** Source material **

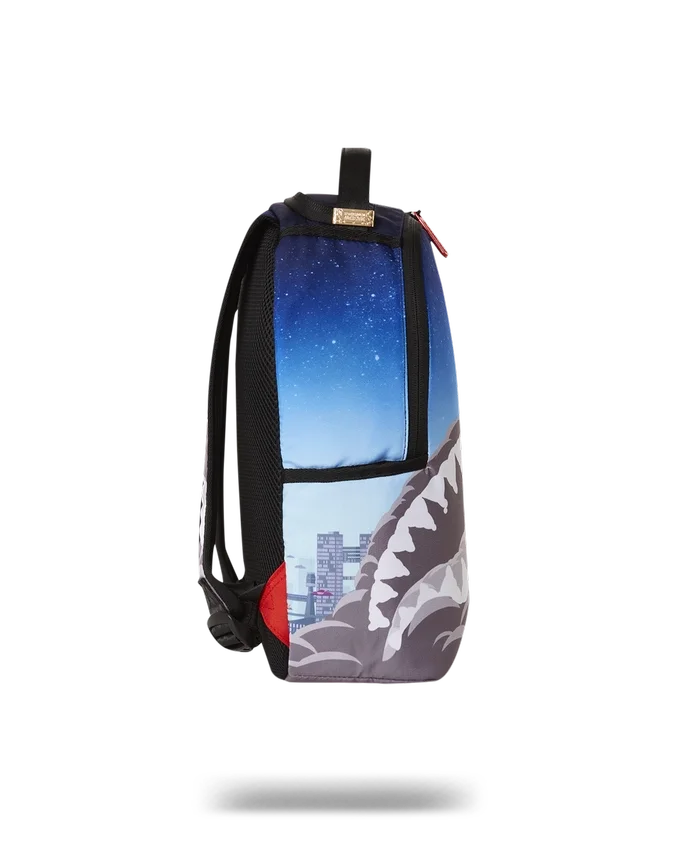 MINI ASTROMANE JETPACK Sırt Çantası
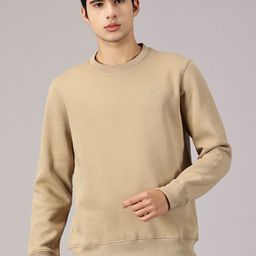 BLACK BUCK Men Sweatshirt-image-71
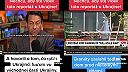 Reportáž CNN o vraždení ukrajincov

** Exercise requirements **
Lines from the one containing "BLACK BUCK Men Sweatshirt-image-71" through the end of the material above must be reproduced exactly; pictures must not be.

** Exercise result **
 BLACK BUCK Men Sweatshirt-image-71
 Reportáž CNN o vraždení ukrajincov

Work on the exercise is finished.